(WHAT THE TASK ASKS)
Word for word, reproduce the listing that follows, excluding any pictures it contains.

MATERIAL PROVIDED: Begin

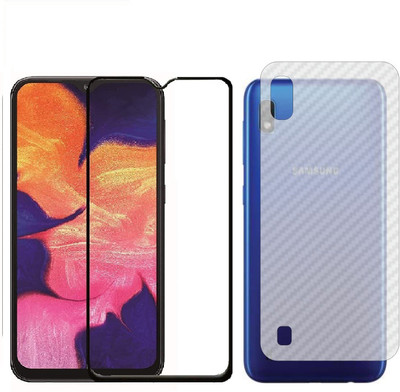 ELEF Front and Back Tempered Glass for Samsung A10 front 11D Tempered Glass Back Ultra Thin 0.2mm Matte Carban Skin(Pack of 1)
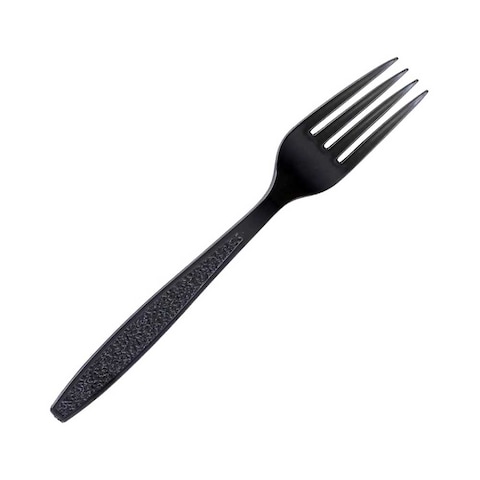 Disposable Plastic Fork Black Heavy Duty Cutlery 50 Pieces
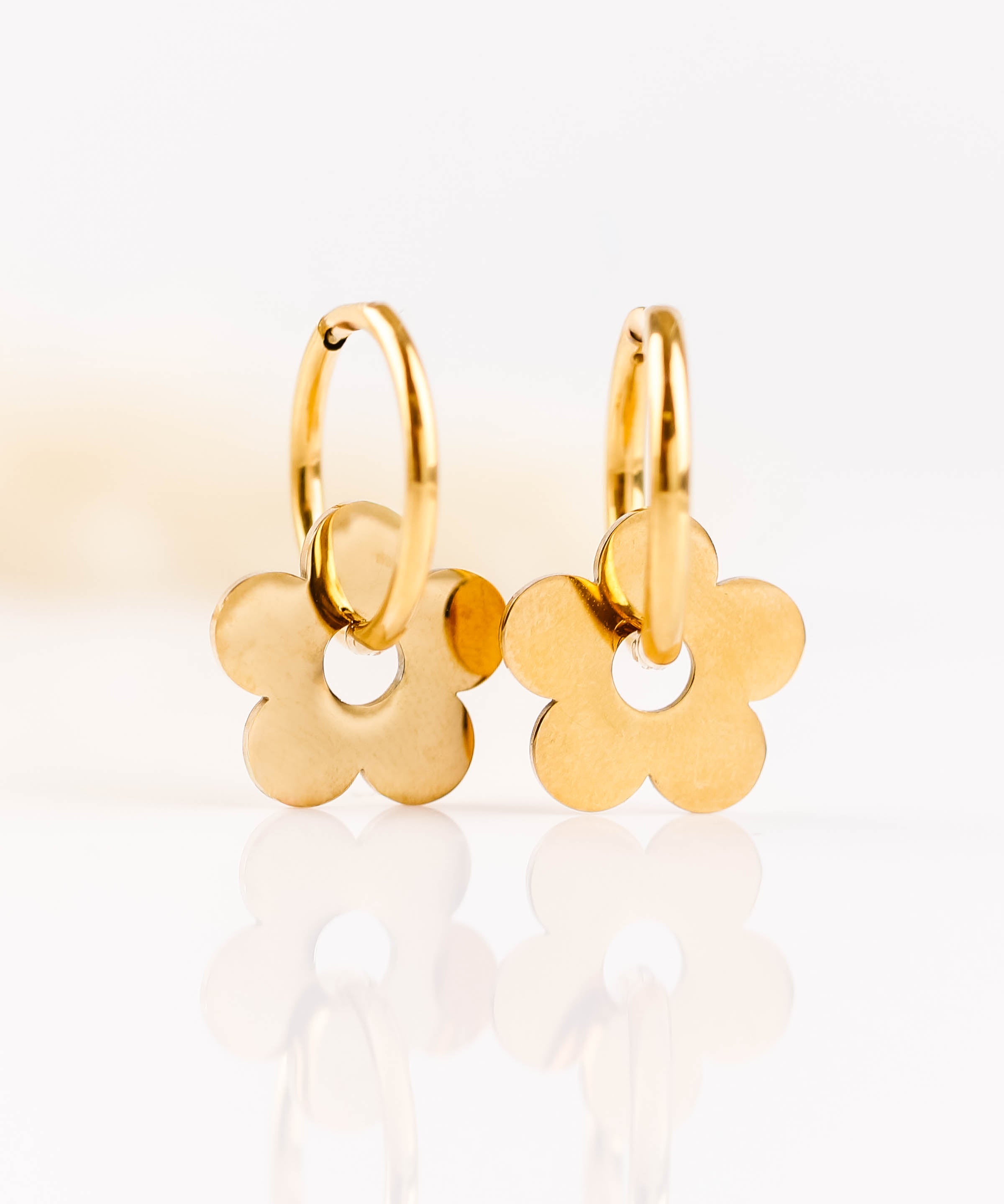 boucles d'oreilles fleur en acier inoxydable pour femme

MATERIAL PROVIDED: End

(TASK ANSWER)
 ELEF Front and Back Tempered Glass for Samsung A10 front 11D Tempered Glass Back Ultra Thin 0.2mm Matte Carban Skin(Pack of 1)
 Disposable Plastic Fork Black Heavy Duty Cutlery 50 Pieces
 boucles d'oreilles fleur en acier inoxydable pour femme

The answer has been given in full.